① トンネル湧水量の全量を大井川に戻すことで中下流域の河川流量は維持される
② トンネル掘削による中下流域の地下水量への影響は、極めて小さい。

ところが、翌日の新聞各紙は「湧水全量戻し 示さず」(中日新聞)、「全量戻し 方法示さず」(静岡新聞)、「水『全量戻し』議論残る」(朝日新聞)などの大見出しで、中間報告への疑問を投げ掛けた。

すべての紙面が、静岡県の「湧水全量戻し」の主張をそのまま採用して、肝心の有識者会議の結論をちゃんと取り上げなかった。

有識者会議の「大井川下流域に水環境の影響はない」とする結論にもかかわらず、新聞各紙は「全量戻しの方法示さず」などと競って報道した。

これらの新聞報道を踏まえ、川勝知事は「実質は毎秒2トンの水が失われる、と(JR東海は)言っていた。
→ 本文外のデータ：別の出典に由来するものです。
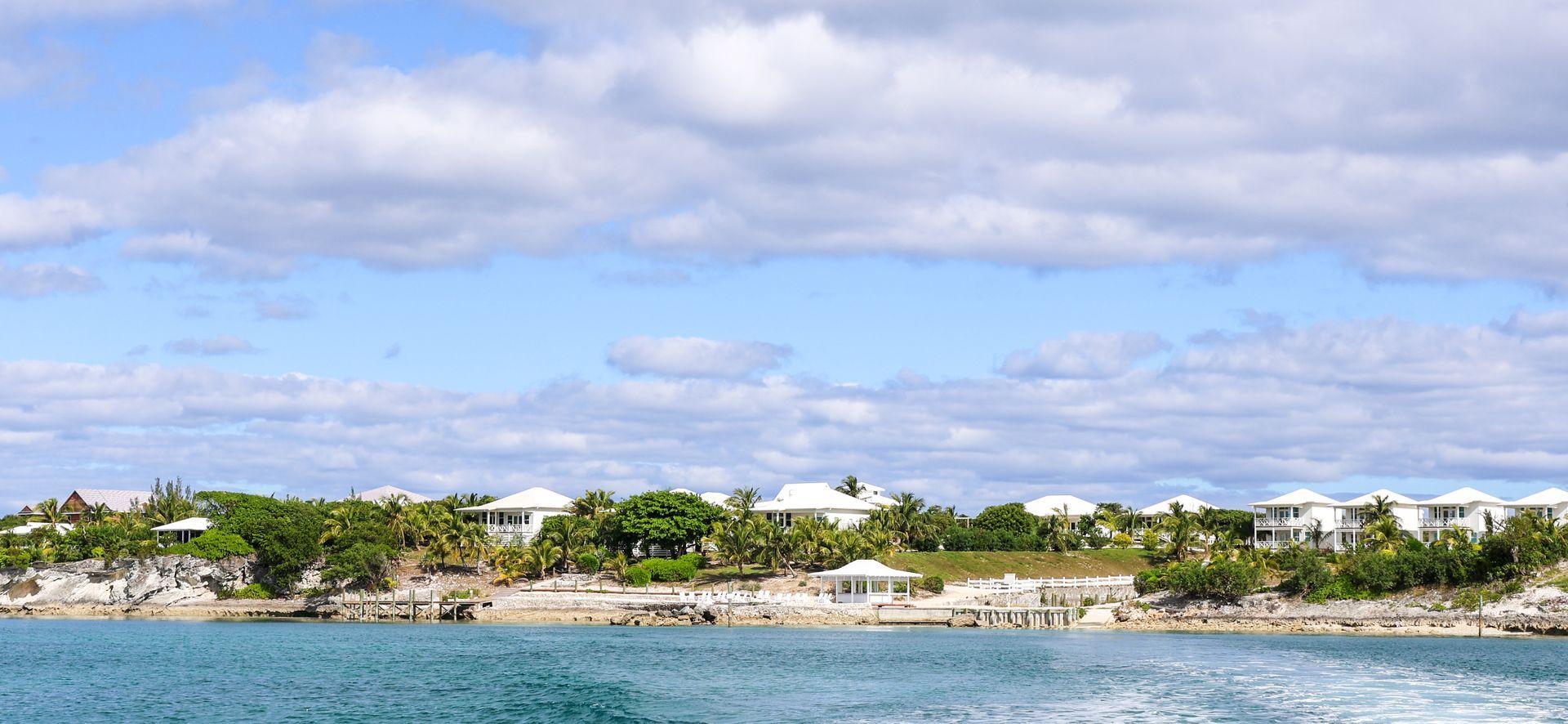Wide coastal view with blue water, rocky shore, palm trees, and white buildings under a partly cloudy sky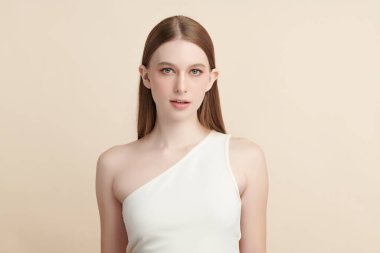 Bej bir arka planda temiz, taze bir teni olan güzel bir genç kadın. Cilt bakımı, yüz bakımı, kozmetoloji, güzellik ve kaplıca. Bir kadının zarif bir portresi..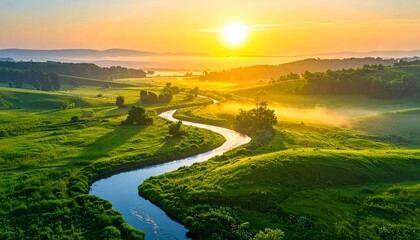Scenic aerial view of a winding river flowing through vibrant green fields at sunrise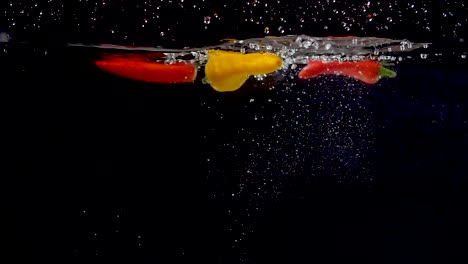 vibrant yellow sweet pepper being dropped into water in slow motion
毎秒2トンの水は60万人の水道水の量」などと述べた。

これでは、JR東海がトンネル湧水毎秒2トンの「全量戻しの方法」を示さなかったと聞き手は捉えてしまうだろう。

川勝知事の「全量戻し」の主張を記者たちは正確に理解できていなかった。ただ単に川勝知事及び県当局の発表を鵜呑みにして、そのまま記事にしていた。